Industrial energy users hopeful of lower power bills
Summary: Industrial energy users are hopeful of getting relief from crippling power bills after the competition watchdog recommended government step in as the "buyer of last resort" for new power plants.....
The innovative proposal would see the government effectively underwrite the construction of new plants that could supply power on demand and are owned by smaller players, ensuring more plants are built, and more competition in generation.
It has been tentatively endorsed by Prime Minister Malcolm Turnbull.
ACCC chairman Rod Sims described the proposal as "totally win-win", saying it would help juniors struggling to get new plants built, to the benefit of commercial buyers of power.
The plants would have to supply "despatchable" power that can generate on demand, suggesting they would need to be based on gas or coal, or involve a combination of renewables and storage, for example.
The proposal would see the federal government entering into cheap fixed-price contracts at about $45-$50 a megawatt-hour, to be supplied for the later years of the project, perhaps years 6-15.
'A huge difference'
Mr Sims said the arrangement would help out small players with projects that need several commercial and industrial customers, where those customers are unwilling to commit to long-term deals or perhaps don't have the credit credentials to satisfy commercial lenders.
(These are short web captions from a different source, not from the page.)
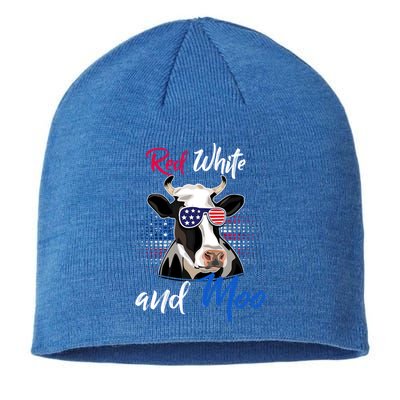 Red White And Moo Patriotic Cow Usa Flag Funny 4th Of July Gift Sustainable Beanie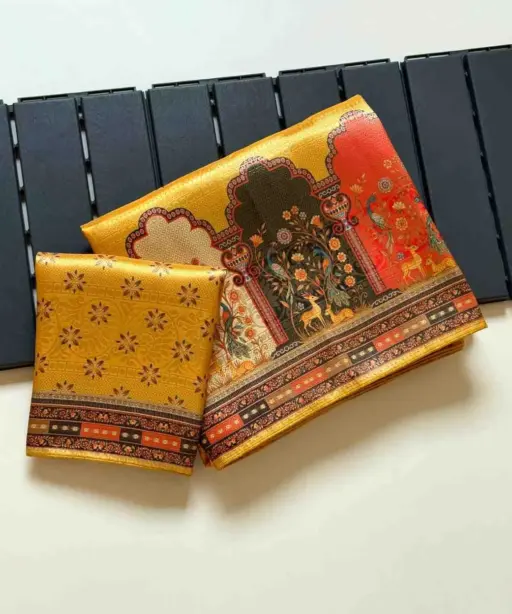 Kc 211 Pure Dola Silk Digital Printed Traditional Wear Saree Collection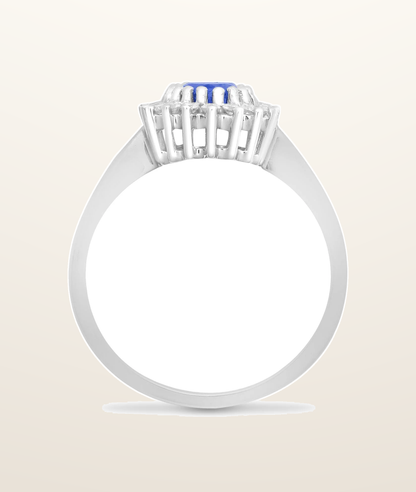 IT_ROLE:presentation_crop | 9ct White Gold Natural Diamond 23pts & Sapphire 1.10ct Ring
"We believe there's a lot of new players wanting to get into this market," he said, saying that one or two new projects and players in each state would make "a huge difference".
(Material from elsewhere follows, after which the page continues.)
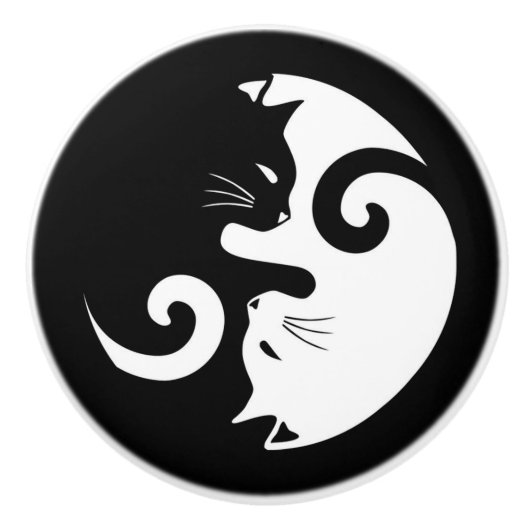 Yin Yang Katten Keramische Knop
The government should help underwrite new power plants under the ACCC proposal. Justin McManus
Minerals Council of Australia head Tania Constable said the proposal was "a welcome reality check" that would help secure private investment in needed low-cost generation able to supply industry.
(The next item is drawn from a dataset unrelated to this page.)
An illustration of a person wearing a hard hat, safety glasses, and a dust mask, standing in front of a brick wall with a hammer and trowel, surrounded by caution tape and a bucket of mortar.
"The ACCC has recognised the impact on wholesale energy prices arising from the closure of older and larger generation assets and has recommended a role for government in underwriting longer- term contracts for large commercial and industrial users," Ms Constable said.
Mr Sims said he didn't know of any instance where such a proposal had been used overseas but said it was a much more hands-off approach than can be seen in other countries, with no government intervention into when or how new generators are built.
"This is a simple mechanism that is totally win-win: the government provides it, but is very unlikely to be called so you're getting generation without any cost to government but if it is called that's fantastic because that means prices are below 45 bucks a megawatt-hour in the wholesale market, that's fantastic."
"I can't see anybody objecting to this one...This isn't rocket science. This is easy to design, easy to put in place."
Energy suppliers and retailers on Wednesday remained guarded on the proposal as they digest the mechanism and the implications.
The Australian Energy Council cautioned that any government intervention mustn't undermine the commercial functioning of the market.